Rouquie C., Dahdouh L., Delalonde M., Wisniewski C.. 2016. In : Book of abstracts of the food factor 1 Barcelona conference, 2-4 November 2016, Barcelona (Spain). Barcelona : Formatex Research Center, p. 153-153. The food factor 1 Barcelona conference: Established, emerging and exploratory food science and technology. 1, 2016-11-02/2016-11-04, Barcelone (Espagne).
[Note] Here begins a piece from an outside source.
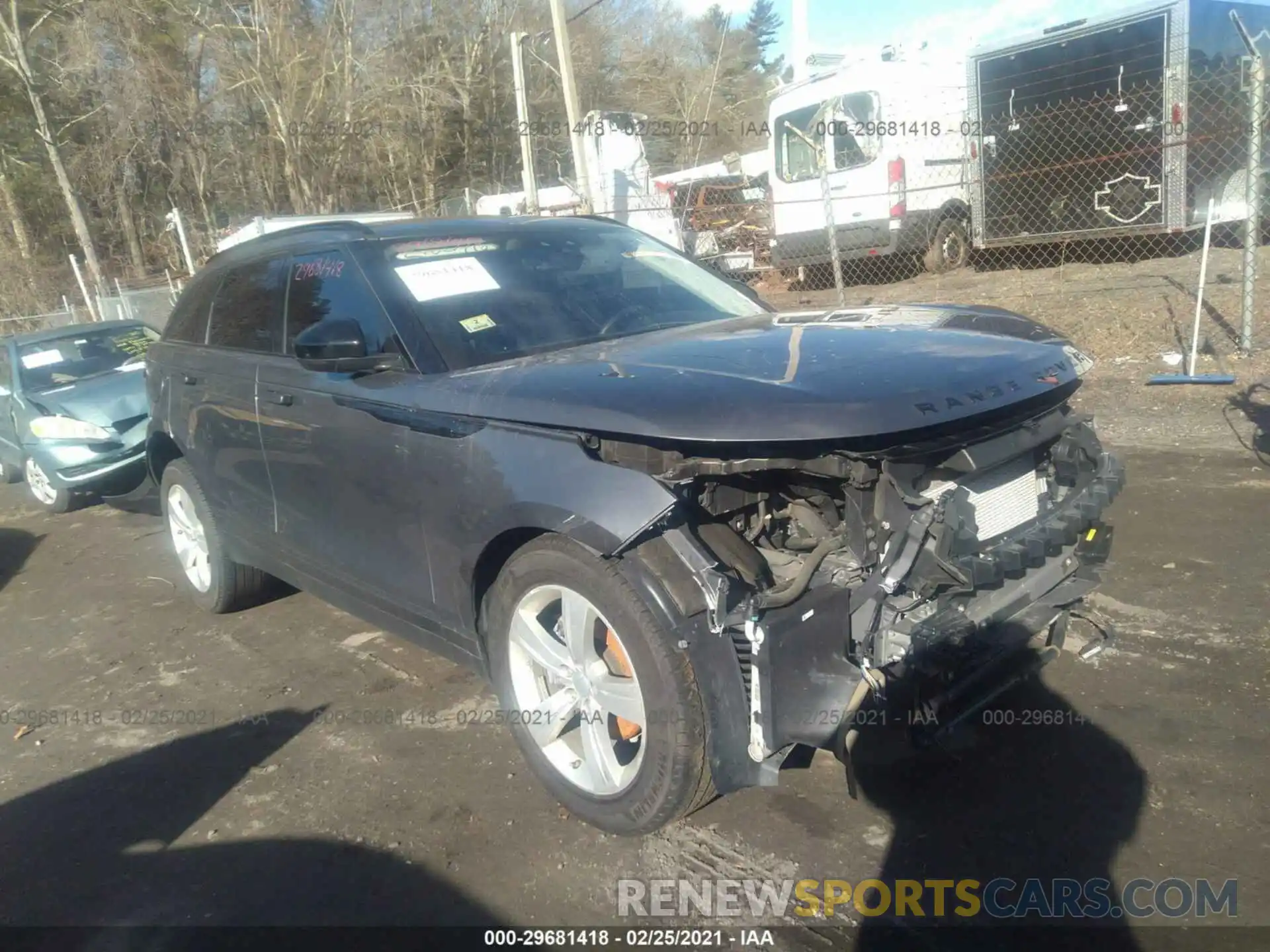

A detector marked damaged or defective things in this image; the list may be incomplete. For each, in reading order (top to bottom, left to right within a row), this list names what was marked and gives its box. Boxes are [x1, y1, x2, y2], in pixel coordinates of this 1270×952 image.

damaged dark gray suv [144, 216, 1127, 832]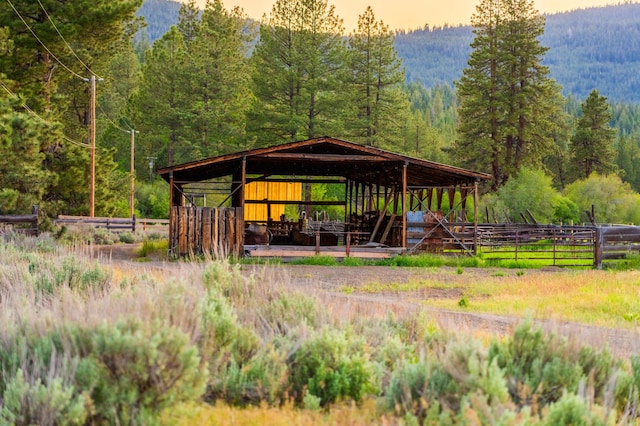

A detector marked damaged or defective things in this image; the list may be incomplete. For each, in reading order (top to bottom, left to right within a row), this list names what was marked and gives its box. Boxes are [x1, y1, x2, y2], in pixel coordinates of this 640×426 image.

Grapes are the world's second largest produced fruit crop, with an annual production of 77 million tons in 2013 [1]. Among grapes processing industries, wineries induce approximately 10 million tons of byproducts per year, mostly pomace and lees [2]. Nowadays, the management and the valorization of food industry wastes constitute an economical, environmental and social challenge. It turns out that grape based products such as grape pomace contain a high amount of polyphenols, well known for their biological activities [3]. Thus, the extraction and purification of those high added value compounds from grape pomace are of great interest for cosmetic, nutraceutical and other chemical industries. Membrane technologies, well-known for their several advantages (low environmental impact, no solvent utilization, high selectivity, etc.), can be used to recover different classes of phenolic compounds from pomace extract, according to their molecular weights. In food industries, crossflow filtration is generally performed using tubular mineral membranes under high crossflow velocities [4, 5]. However, immersed organic hollow-fiber membrane process could be interestingly used as an alternative separation technique for such application, notably due to the significant reduction of the energy consumption [6]. In this context, the aim of this work was to provide reliable information to develop a convenient immersed hollow-fiber membranes pilot for the isolation of polyphenols from grape pomace extracts. Therefore, lab-scale experiments were performed using a frontal filtration module in order to identify the main parameters governing the separation efficiency. Three factors known to impact membrane performances were considered and tested: (i) the membrane average pores diameter or molecular weight cut-off (0.1 µm 100 kDa 10 kDa polyethersulfone membrane), (ii) the physiochemical characteristics of pomace extracts (particles size distribution, turbidity, etc.) and (iii) the hydrodynamic conditions, namely shear stress. In order to identify the optimal operating conditions for the pilot-scale filtration, the performances of lab-scale filtration were particularly studied in terms of fouling mechanisms (productivity) and phenolic compounds separation (selectivity).